I am still relatively new to Solr so despite feeling like I've gone over
the docs, and friends, it's entirely possible I've missed something
glaringly obvious.
The short version is: Faceting works. Yay! You can facet on the
individual parts of a machine tag (namespace, predicate, value) and it
does what you'd expect.

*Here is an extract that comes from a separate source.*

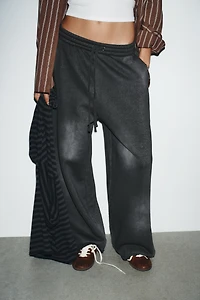 WASHED EFFECT RIPPED FLEECE PANTS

For example:
?q=*:*&facet=true&facet.field=mt_namespace&rows=0
numFound:115
foo:65
dc:48
lastfm:2
The longer version is: Even though faceting seems to work I can't query
(as in ?q=) on the individual fields.
For example, if a single "machinetag" (foo:bar=example) field is copied
to "mt_namespace", "mt_predicate" and "mt_value" fields I still can't
query for "?q=mt_namespace:foo".
It appears as though the entire machine tag is being copied to
mt_namespace even though my reading of the docs is that is a attribute
is present in a solr.PatternTokenizerFactory analyzer then only the
matching capture group will be stored.
Is that incorrect?
I've included the field/fieldType definitions I'm using below. [2] Any
help/suggestions would be appreciated.
Cheers,
[1] http://www.flickr.com/groups/api/discuss/72157594497877875/
[2]
<field name="machine_tags" type="machinetag" indexed="true"
stored="true" required="false" multiValued="true"/>
<field name="mt_namespace" type="mt_namespace" indexed="true"
stored="true" required="false" multiValued="true" />
<field name="mt_predicate" type="mt_predicate" indexed="true"
stored="true" required="false" multiValued="true" />
<field name="mt_value" type="mt_value" indexed="true" stored="true"
required="false" multiValued="true" />
<copyField source="machine_tags" dest="mt_namespace" />
<copyField source="machine_tags" dest="mt_predicate" />
<copyField source="machine_tags" dest="mt_value" />
<fieldType name="machinetag" class="solr.TextField" />
<fieldType name="mt_namespace" class="solr.TextField">
<analyzer>
<tokenizer class="solr.PatternTokenizerFactory"
pattern="([a-zA-Z[0-9]](?:\w+)?):.+" group="1" />
</analyzer>
</fieldType>
<fieldType name="mt_predicate" class="solr.TextField">
<analyzer>
<tokenizer class="solr.PatternTokenizerFactory"
pattern="[a-zA-Z[0-9]](?:\w+)?:([a-zA-Z[0-9]](?:\w+)?)=.+" group="1" />
</analyzer>
</fieldType>
<fieldType name="mt_value" class="solr.TextField">
<analyzer>
<tokenizer class="solr.PatternTokenizerFactory"
pattern="[a-zA-Z[0-9]](?:\w+)?:[a-zA-Z[0-9]](?:\w+)?=(.+)" group="1" />
</analyzer>
</fieldType>